DEAR ABBY: My father -- aged 68, active and in good health -- has become increasingly obsessed with deciding who will get which of his belongings when he passes. Almost every conversation now consists of some form of "Do you think your cousin Joey would like my antique fishing lure collection?" I'm glad he's thinking ahead and putting his affairs in order, but it has been months since we've been able to talk about normal things, and I feel like he's missing out on living in the present.
I finally had to tell Dad to stop asking my young kids which of his childhood toys they would like when he dies because it was freaking them out. They no longer want to go over there because they're terrified he's going to keel over in front of them.
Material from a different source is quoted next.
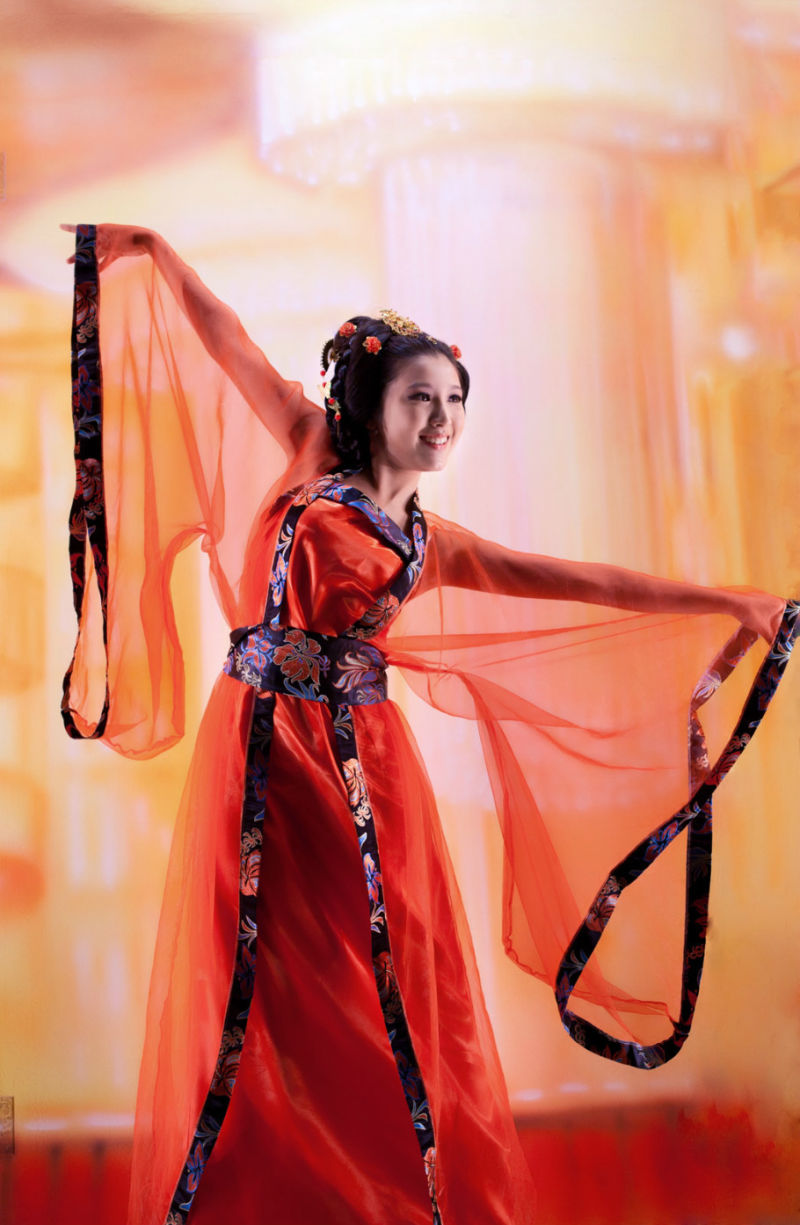 【人物素材】娉婷扬袖舞，绣带飞纷葩——舞姬 - 雁飞墨行 - 精品博客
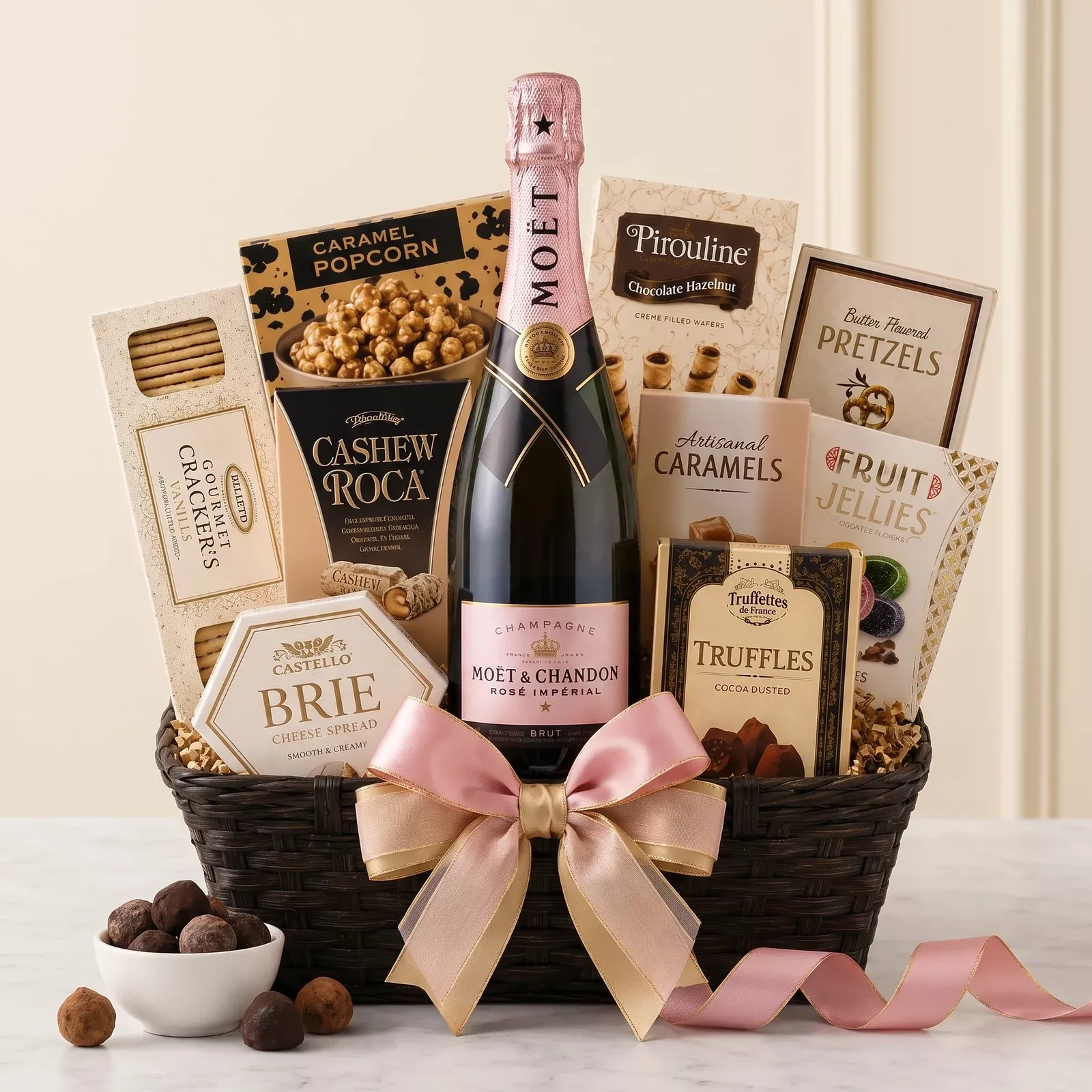 Moet & Chandon Rose Imperial Champagne Gift Basket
How do I get him to stop this, move on and continue living his life? I'm pretty sure he doesn't have an illness he's keeping secret. Obsessiveness is normal for him, but this topic is new. -- ADULT SON IN FLORIDA
DEAR ADULT SON: Have you asked your father directly what has caused this change in his behavior? If you haven't, you should. Have you any idea how long it has been since his last physical and neurological examination? If it has been more than a year, suggest the two of you go together to make absolutely sure nothing is wrong with him.
Because you prefer he stop talking about death and distribution of assets with your children, let him know that today's young people prefer electronic gadgets rather than the toys he played with in his youth. It's the truth, and he needs to hear it.